Friday, January 8th, 2010

How did you buy your last personal car?  Did you buy it off the lot or have it built just for you?  What made you decide on the model of vehicle that you selected?  When you are looking to purchase a vehicle for your business, think about all of those things and then throw them out the window!

The fact of the matter is that buying a car for your company should be night and day from how you personally buy vehicles.  Nine times out of ten when we buy a car for ourselves we rely heavily on emotion, however, if you do this for your business you will end up spending money that you need not.  Instead, focus your decision around four key areas: fuel economy, safety, budget and image.
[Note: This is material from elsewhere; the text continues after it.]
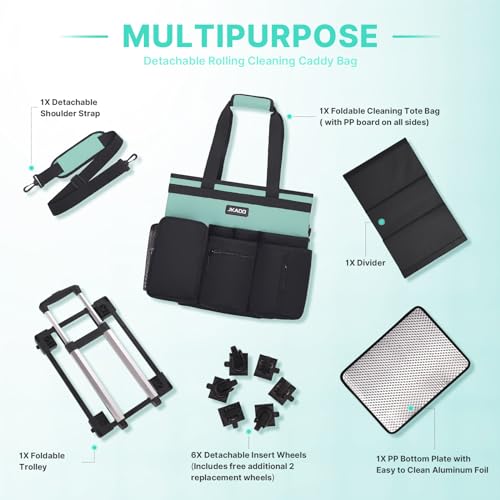 JKAOO Large Rolling Cleaning Caddy Bag with Detachable Trolley, Blue-Green | Waterproof Cleaning Caddy with Wheels, 40L Wheeled Organizer Cart for Supplies, Housekeepers, Home, Office, Car, Picnic - color: Blue Green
Fuel economy: When gas prices sky rocket this is usually the first thing that we think about.  However, even with gas prices being relatively low, you still need to think about maximizing your fuel economy.  Even if your vehicles require the carrying of a lot of equipment, you may be able to find a vehicle with a smaller engine or cargo area that will still satisfy your needs.  We call this “right sizing” with our customers and it means finding a vehicle with the maximum fuel economy that will still meet your needs.

Safety: Obviously we want our employees to remain safe but what steps are you taking to ensuring this on the road?  Is the vehicle you purchase ensuring their safety?  For us, being in the Midwest, this often means finding a vehicle that can handle the brutal winter roads.  This could also mean purchasing some extra safety features that may not come on the showroom floor model.
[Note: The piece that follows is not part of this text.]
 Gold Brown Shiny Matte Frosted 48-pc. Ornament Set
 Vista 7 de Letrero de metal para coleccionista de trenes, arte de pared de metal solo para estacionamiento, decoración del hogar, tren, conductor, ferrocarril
Budget: We often hear from clients that they want to buy the cheapest car they can find to meet their needs.  This is all well and good but what will the upkeep, insurance and fuel costs be with that cheap vehicle?  Often times people will spend more down the road (pun intended!) because they tried to save money upfront.  Also, few fleet managers consider what the resale value of the vehicle they buy will be but this is direct money in or not in your hands! The key is finding a vehicle that will be the best value in the long run, not the lowest sticker price.
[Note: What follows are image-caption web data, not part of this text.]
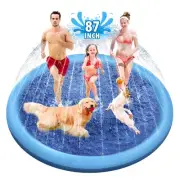 Dog Splash Pad, 87in Anti-Slip Dog Pool Splash Pad for Dogs Kids 0.55mm Thick...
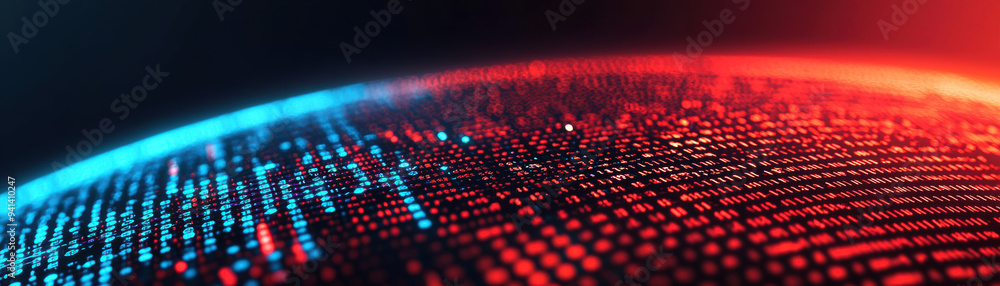 Poster dynamic digital landscape with blue and red glowing dots on a dark background representing advanced 
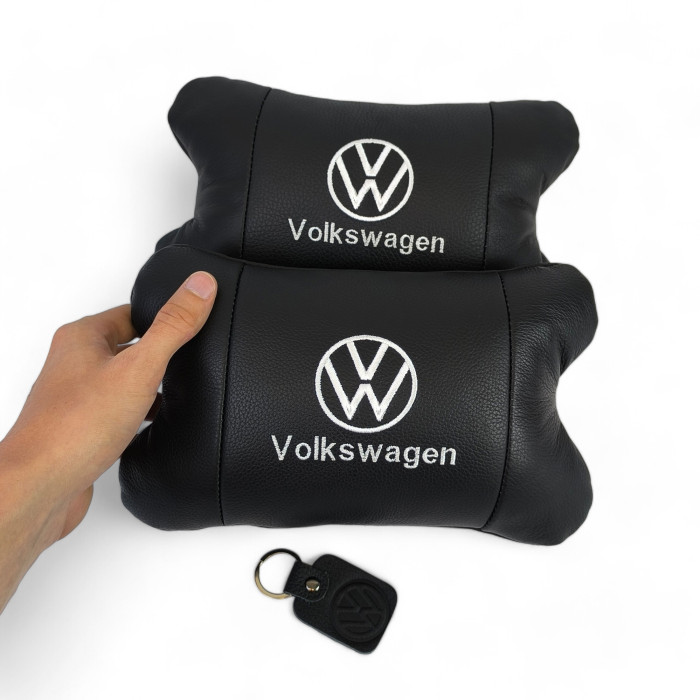 Набір подушок 2шт в авто Volkswagen з натуральної шкіри, на підголовник у машину, Автомобільна подушка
Image: This is where things get fun.  What do you want your vehicles to say about your company when your employees pull in to meet a client?  Do you want them to say that you are environmentally conscious, a high-end service provider or blue-collar worker?  Every vehicle tells a story so it is important to know what you want that story to be and then figure out what vehicle will tell that story.  Whether it is what model of vehicle your employees drive or a high-end graphics package, the look of your vehicle can be very important.

So, forget everything that you know about buying a vehicle and focus on these four criteria.  When you do you will find a vehicle that is the best value for you today and down the road.